Michaelis’ role as host is key to making that work. Unlike traditional interviewers, they aren’t there to dominate the scene or outshine the guest. Instead, Michaelis functions as both anchor and amplifier, gently steering conversations to expose what makes each performer tick. With Shankar, that meant trusting silence, letting uncomfortable beats linger, and allowing meticulously crafted jokes to land without undercutting them.

That same philosophy extends to other Season 3 guests, including returning Dropout heavyweights like Brennan Lee Mulligan and Jacob Wysocki. While Mulligan is well-known for his ability to disappear into characters, Michaelis found particular joy in showcasing Wysocki’s quieter strengths this season. After playing the bombastic Hayes Steele in Season 2, Wysocki gets to reveal a more grounded, emotionally supportive presence—often acting as the “voice of reason” amid escalating absurdity.

For Michaelis, these contrasts are the point. VIP isn’t about proving that comedians can be loud or weird; it’s about demonstrating range.
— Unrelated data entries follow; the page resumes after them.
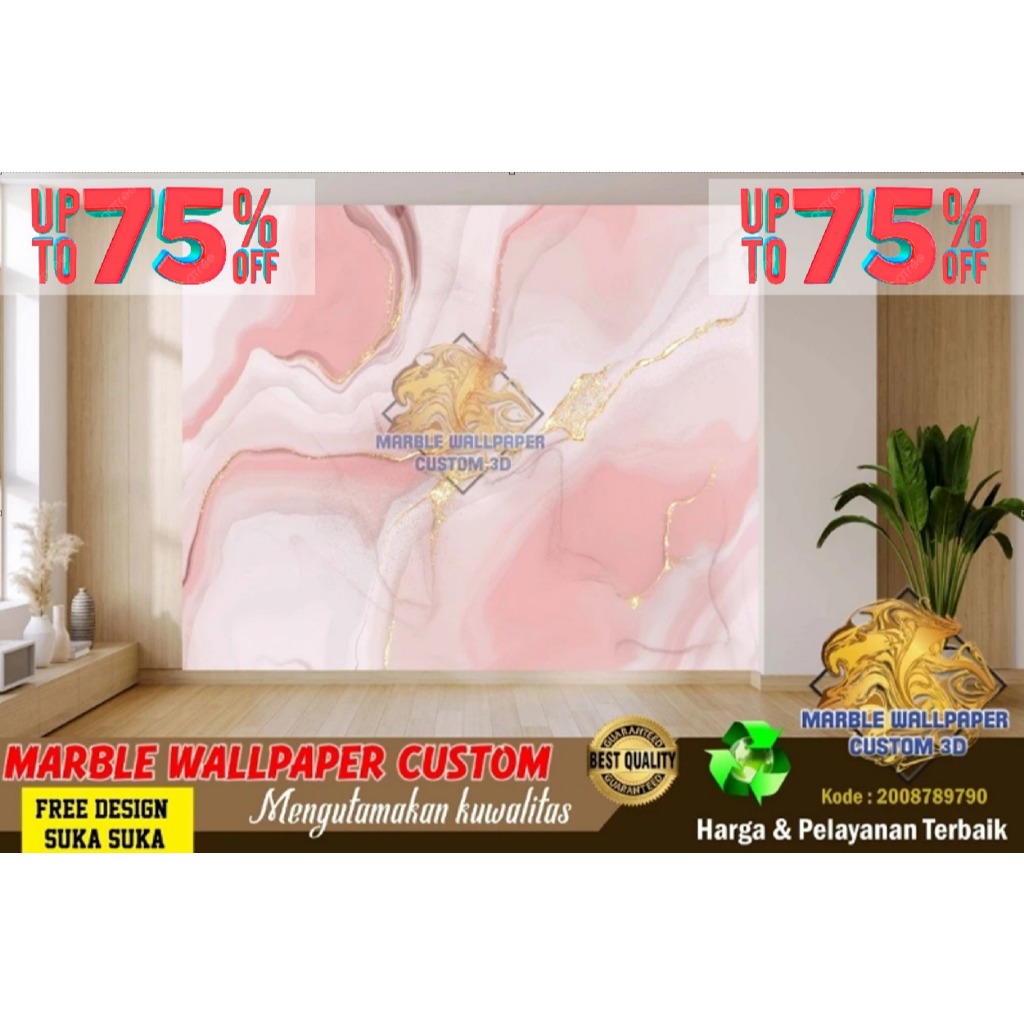Wallpaper Custom 3D Tema Marmer | Wallpaper Dining Room Marmer | Wallpaper Ruang Makan Marmer | Wall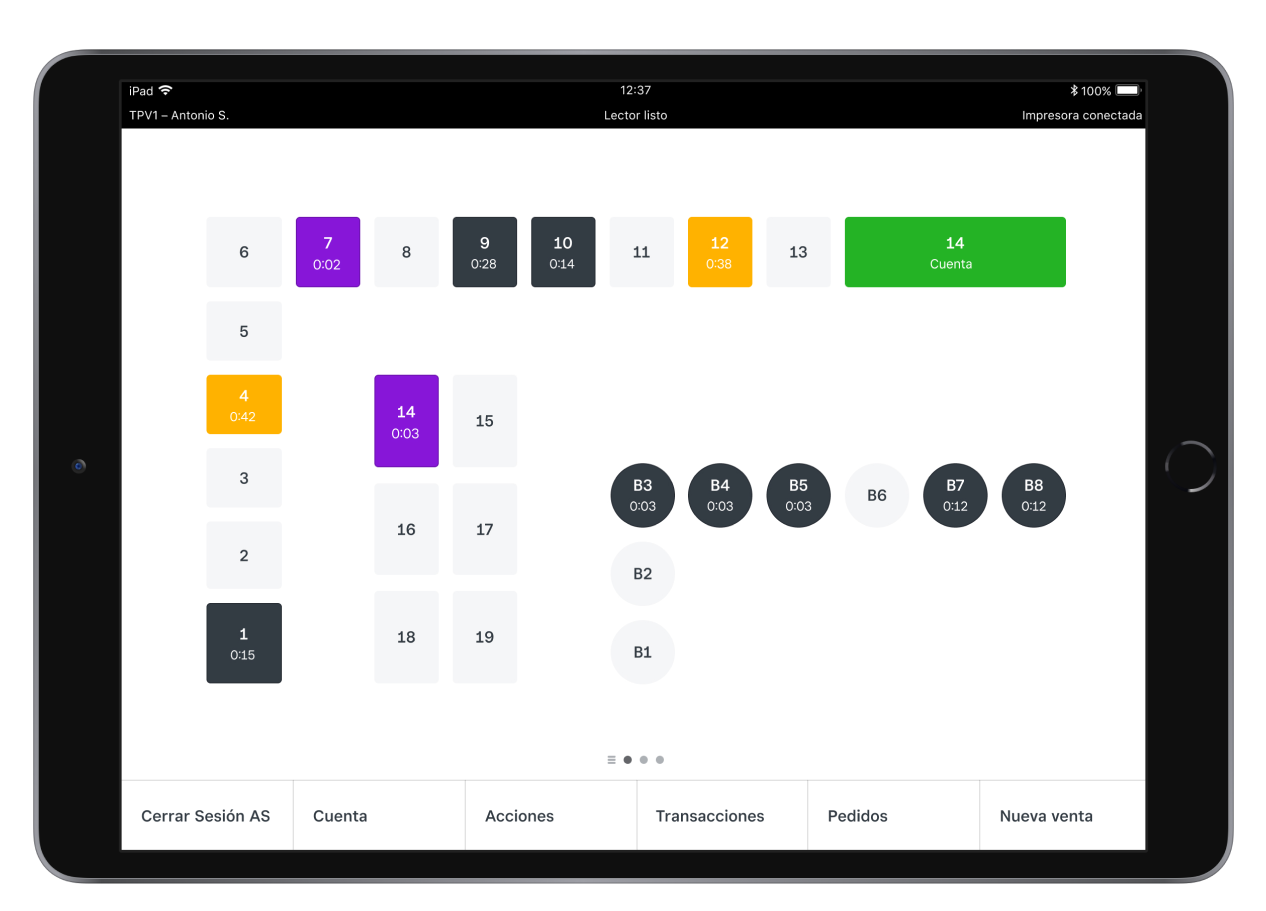 OpenTable Seated Status on iPad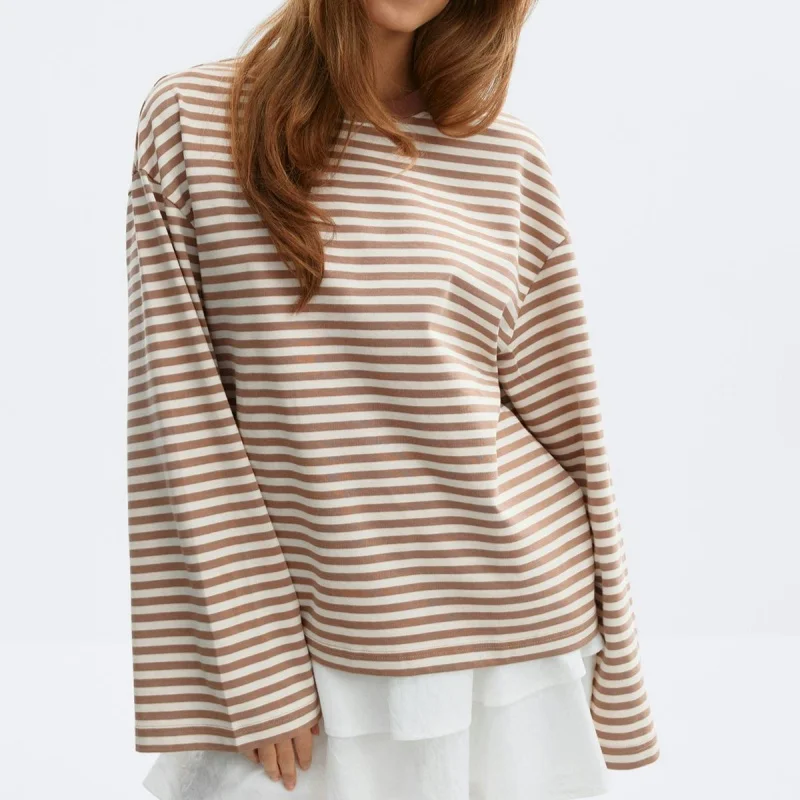 Womens Flare Long Sleeve Shirts Oversized Striped Pullover Tops Loose Fit Crewneck TeeY2K Streetwear Tops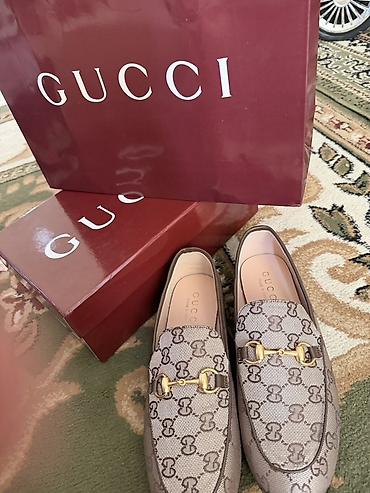 Женская обувь: Лоферы, 37, Gucci, Новый, цвет - Бежевый, Самовывоз — 1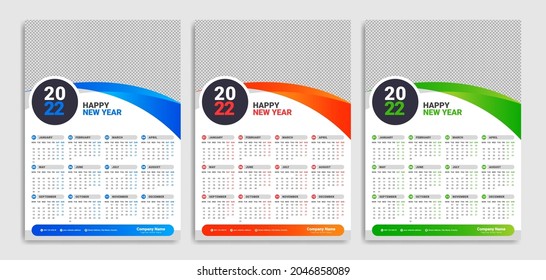 Modernes, neues Jahr 2022 Wandkalender-Design mit abstrakter geometrischer Form für das Unternehmen. Monatlicher oder jährlicher Planer mit minimalistischer Grafikabdeckung, kreativem Hintergrund, Logo und Symbol.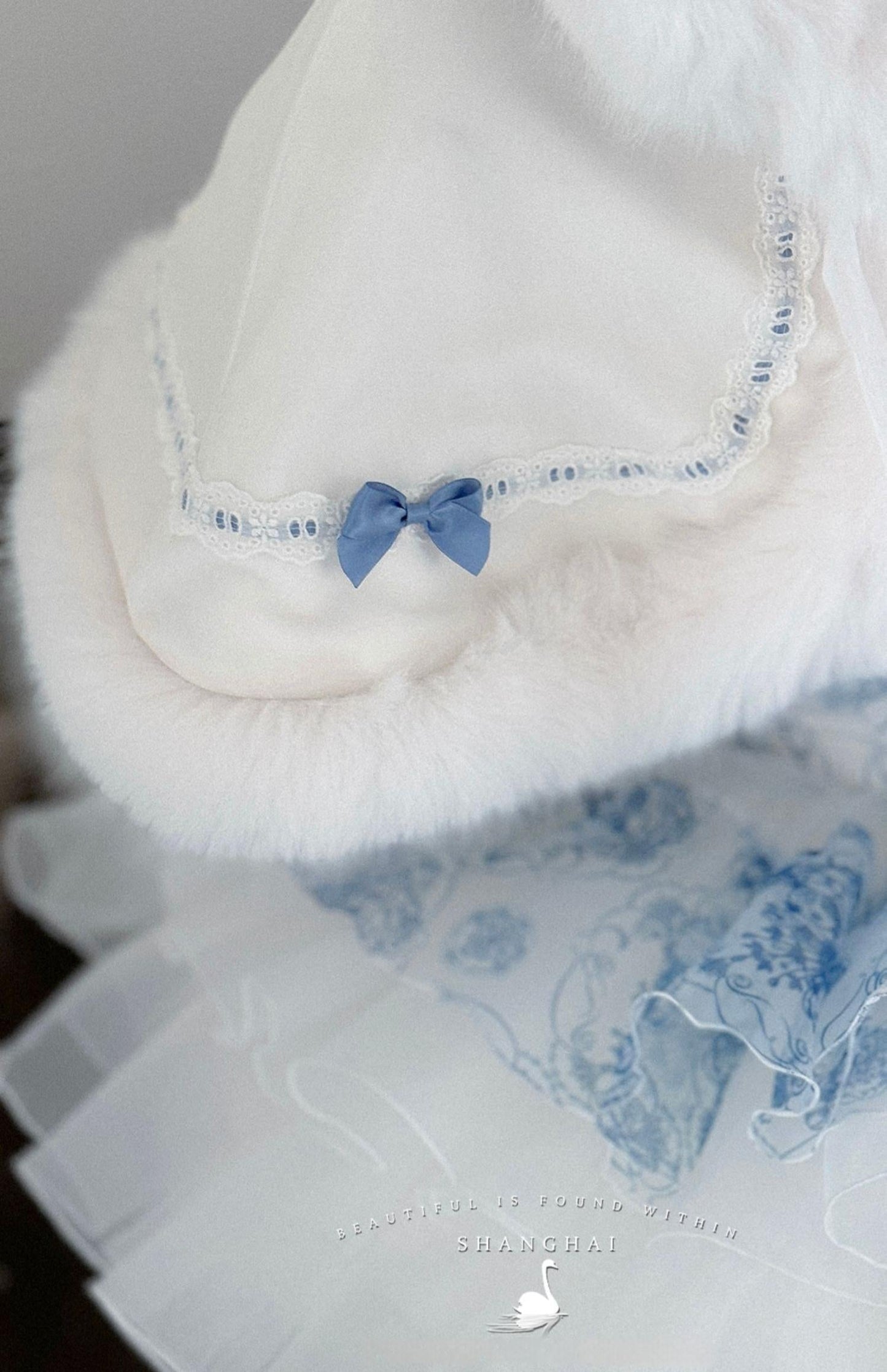 POSHEPOSE~Blue and White Porcelain~Princess Lolita JSK Dress Plush Cape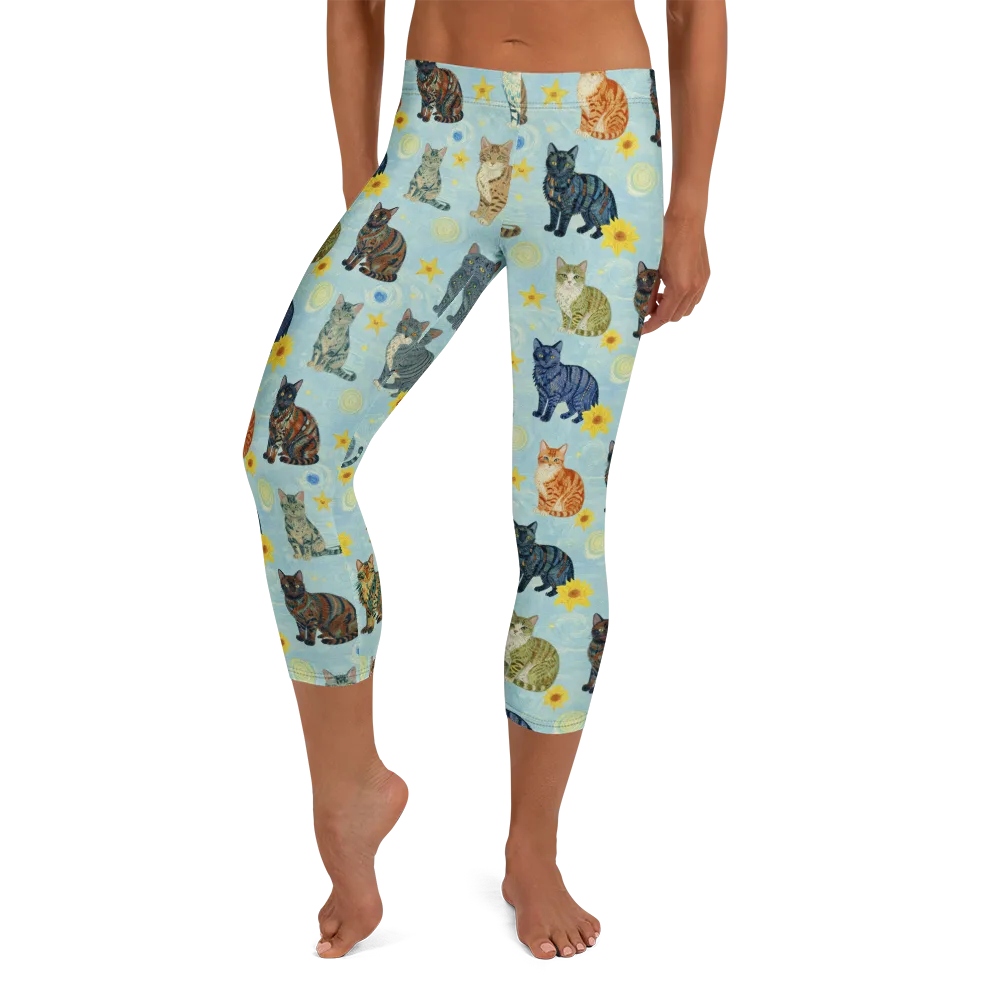 Starry Cat Garden on Capri Leggings — Front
The show’s success lies in how deliberately it subverts expectations, especially for performers audiences think they already understand.

Season 3’s guest list reinforces that mission. Alongside familiar faces, new guests like Rekha Shankar, Angela Giarratana, Jeremy Culhane, Katya, and Chelsea Peretti bring wildly different comedic instincts into the same pressure cooker format. The result is a season that feels less like a talk show and more like a curated gallery of comedic approaches—each episode tailored to highlight something specific and often underappreciated about its guest.

Outside of VIP, Michaelis’ creative footprint continues to expand. They’re set to appear in Ponies, Peacock’s upcoming spy thriller starring Emilia Clarke and Haley Lu Richardson. Set in 1977 Moscow, the series follows two seemingly invisible American embassy secretaries who are pulled into CIA operations—“persons of no interest” who become anything but. Michaelis plays Cheryl, a fellow secretary, marking a tonal shift into dramatic territory while still grounded in character-driven storytelling.

Yet even as their résumé grows more diverse, Michaelis remains deeply invested in Dropout’s ecosystem. With big plans hinted at for 2026 in their role as Dropout’s president, it’s clear that Very Important People isn’t just a show—it’s a statement of intent. It reflects a broader philosophy about comedy as collaboration, trust, and generosity.

Letting Rekha Shankar “unleash her darkest powers” wasn’t about shock value. It was about respect—recognizing what a performer does best and building a space where that talent can fully breathe. In Season 3, Very Important People doesn’t just entertain; it reveals. And under Michaelis’ careful stewardship, it continues to prove that the most interesting comedy happens when performers are finally seen for everything they can do.